The stunning, intricate, and brightly colored tendrils pictured above are made of plasma that was created when a star exploded some 8,000 years ago. However beautiful the ancient star was in real life, it’s unlikely that it could have topped the images from the nebula.
These beautiful, shimmering tendrils of plasma are all that remain of an ancient massive star that, approximately 8,000 years ago, died and exploded as a supernova. This zoomed-in section of the Veil Nebula has just been released by the Hubble Space Telescope, revealing the intricate beauty that’s left in the wake of one of the most violent events in the universe.
The tendrils are the result of a stellar explosion called a supernova. Often thought of as the “death” of massive stars, these explosions are among the most powerful forces in the universe, capable of expelling as much energy in a year or less as a star generated in the rest of its “living” existence.
The tendrils are found in the Veil Nebula, a massive supernova remnant found some 2,100 light-years away. The nebula itself measures 110 light-years in length and is one of the most well-known astronomical objects in the sky. The supernova is a part of the constellation Cygnus.
The beautiful photos of the star have examined only a tiny fraction of the nebula. While the nebula measures more than 100 light years in width, the six amassed images taken by the Hubble captured only about 2 light-years worth. Still, the photos are among the most detailed photos ever taken of a nebula.

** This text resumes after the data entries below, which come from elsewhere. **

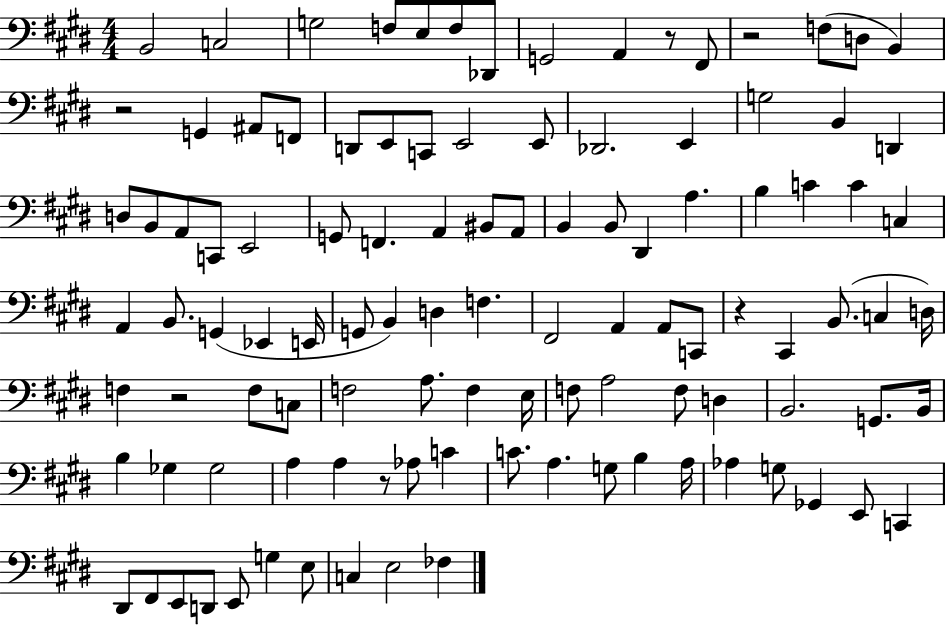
X:1
T:Untitled
M:4/4
L:1/4
K:E
B,,2 C,2 G,2 F,/2 E,/2 F,/2 _D,,/2 G,,2 A,, z/2 ^F,,/2 z2 F,/2 D,/2 B,, z2 G,, ^A,,/2 F,,/2 D,,/2 E,,/2 C,,/2 E,,2 E,,/2 _D,,2 E,, G,2 B,, D,, D,/2 B,,/2 A,,/2 C,,/2 E,,2 G,,/2 F,, A,, ^B,,/2 A,,/2 B,, B,,/2 ^D,, A, B, C C C, A,, B,,/2 G,, _E,, E,,/4 G,,/2 B,, D, F, ^F,,2 A,, A,,/2 C,,/2 z ^C,, B,,/2 C, D,/4 F, z2 F,/2 C,/2 F,2 A,/2 F, E,/4 F,/2 A,2 F,/2 D, B,,2 G,,/2 B,,/4 B, _G, _G,2 A, A, z/2 _A,/2 C C/2 A, G,/2 B, A,/4 _A, G,/2 _G,, E,,/2 C,, ^D,,/2 ^F,,/2 E,,/2 D,,/2 E,,/2 G, E,/2 C, E,2 _F,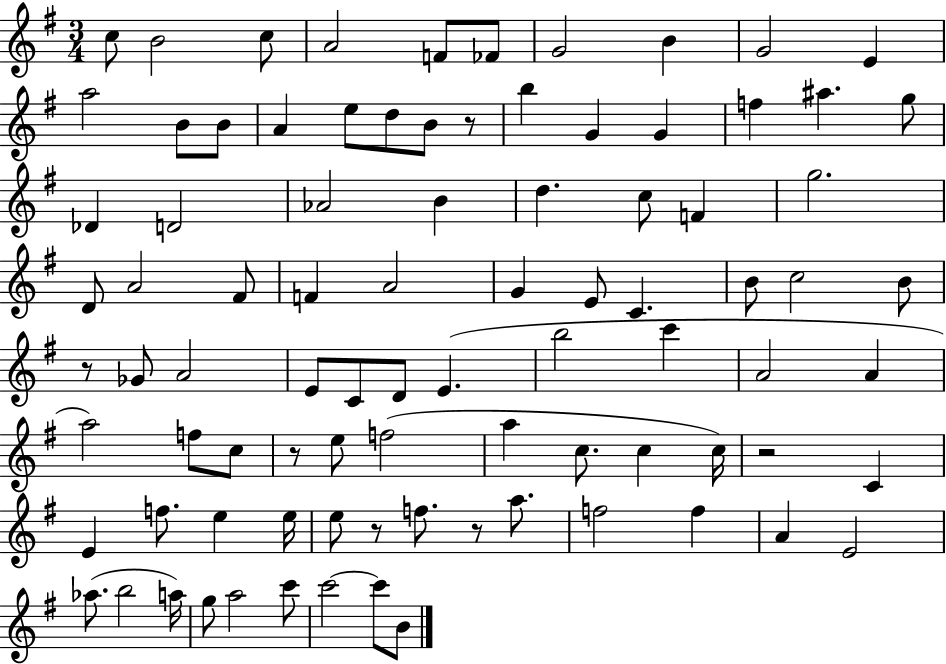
C5/e B4/h C5/e A4/h F4/e FES4/e G4/h B4/q G4/h E4/q A5/h B4/e B4/e A4/q E5/e D5/e B4/e R/e B5/q G4/q G4/q F5/q A#5/q. G5/e Db4/q D4/h Ab4/h B4/q D5/q. C5/e F4/q G5/h. D4/e A4/h F#4/e F4/q A4/h G4/q E4/e C4/q. B4/e C5/h B4/e R/e Gb4/e A4/h E4/e C4/e D4/e E4/q. B5/h C6/q A4/h A4/q A5/h F5/e C5/e R/e E5/e F5/h A5/q C5/e. C5/q C5/s R/h C4/q E4/q F5/e. E5/q E5/s E5/e R/e F5/e. R/e A5/e. F5/h F5/q A4/q E4/h Ab5/e. B5/h A5/s G5/e A5/h C6/e C6/h C6/e B4/e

The Hubble Space Telescope is one of the premier astronomical exploration tools available. The telescope first came into operation in 1990 and has made more that 1.2 million observations so far. The data resulting from Hubble data has been used in nearly 13,000 scientific research papers, making the telescope one of the most productive scientific tools ever created. It rotates around the world at about 17,000 miles per hour.

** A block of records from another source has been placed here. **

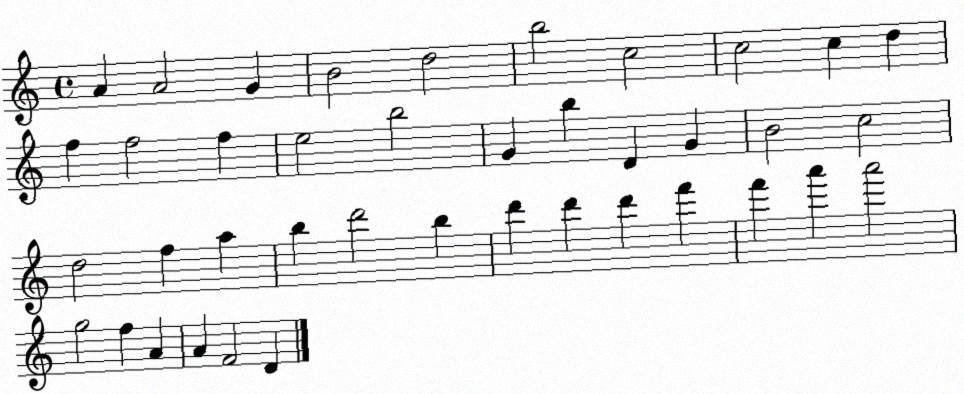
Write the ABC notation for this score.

X:1
T:Untitled
M:4/4
L:1/4
K:C
A A2 G B2 d2 b2 c2 c2 c d f f2 f e2 b2 G b D G B2 c2 d2 f a b d'2 b d' d' d' f' f' a' a'2 g2 f A A F2 D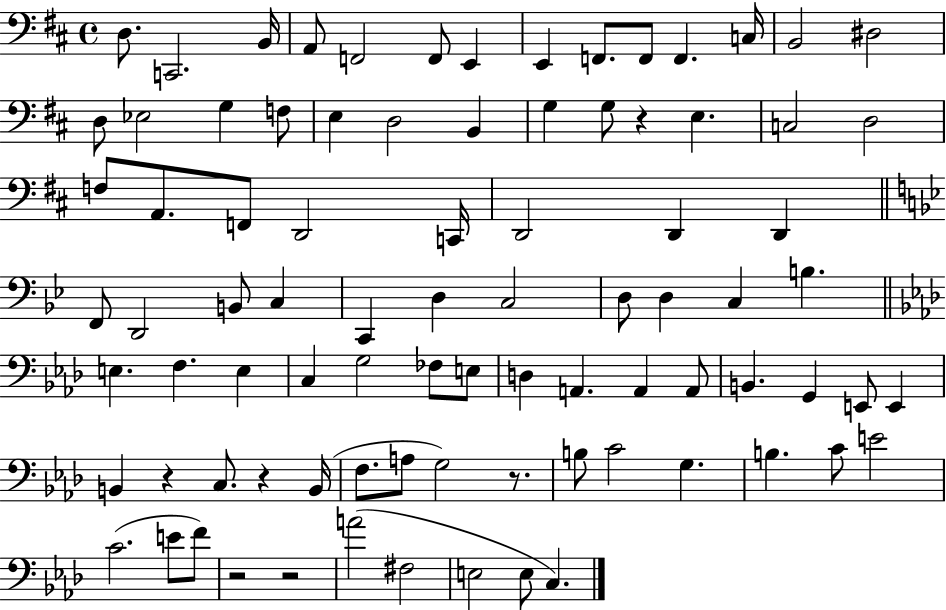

Supernovas result when a star burns through too much of its fuel and can no longer sustain itself. Basically, the gravity at the center of the star becomes too strong, and there’s no longer enough outward pressure from the burning fuel to sustain the mass. When the core collapses, the star explodes.The powerful explosions of dying stars can scatter matter massive distances.

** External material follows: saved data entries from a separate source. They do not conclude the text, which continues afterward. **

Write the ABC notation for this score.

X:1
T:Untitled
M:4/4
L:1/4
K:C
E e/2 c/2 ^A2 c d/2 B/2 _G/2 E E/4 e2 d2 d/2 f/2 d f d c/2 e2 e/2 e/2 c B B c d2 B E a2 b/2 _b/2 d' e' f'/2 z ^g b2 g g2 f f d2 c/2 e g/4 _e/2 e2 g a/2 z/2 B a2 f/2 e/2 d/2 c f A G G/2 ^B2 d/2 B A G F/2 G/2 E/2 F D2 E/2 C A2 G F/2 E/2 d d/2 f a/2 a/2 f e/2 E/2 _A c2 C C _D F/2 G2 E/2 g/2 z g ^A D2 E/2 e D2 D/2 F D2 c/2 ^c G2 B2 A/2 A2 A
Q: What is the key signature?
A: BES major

Often, the result of the exploding stars are nebulas, which are clouds of interstellar hydrogen, dust, helium, and other remnants left behind by dead stars. These huge clouds can measure hundreds of light years across, but are generally not very dense. Still, as the photos above prove, nebulas can be very beautiful. Not all nebulas are caused by supernovas but can be caused by other events.
It is believed that most atoms besides hydrogen and helium actually came from exploding stars billions of years ago, so it’s possible that we are all, in fact, nebula and star dust. Supernovas likely play a vital role in the nature and makeup of the universe because they spread atoms across space.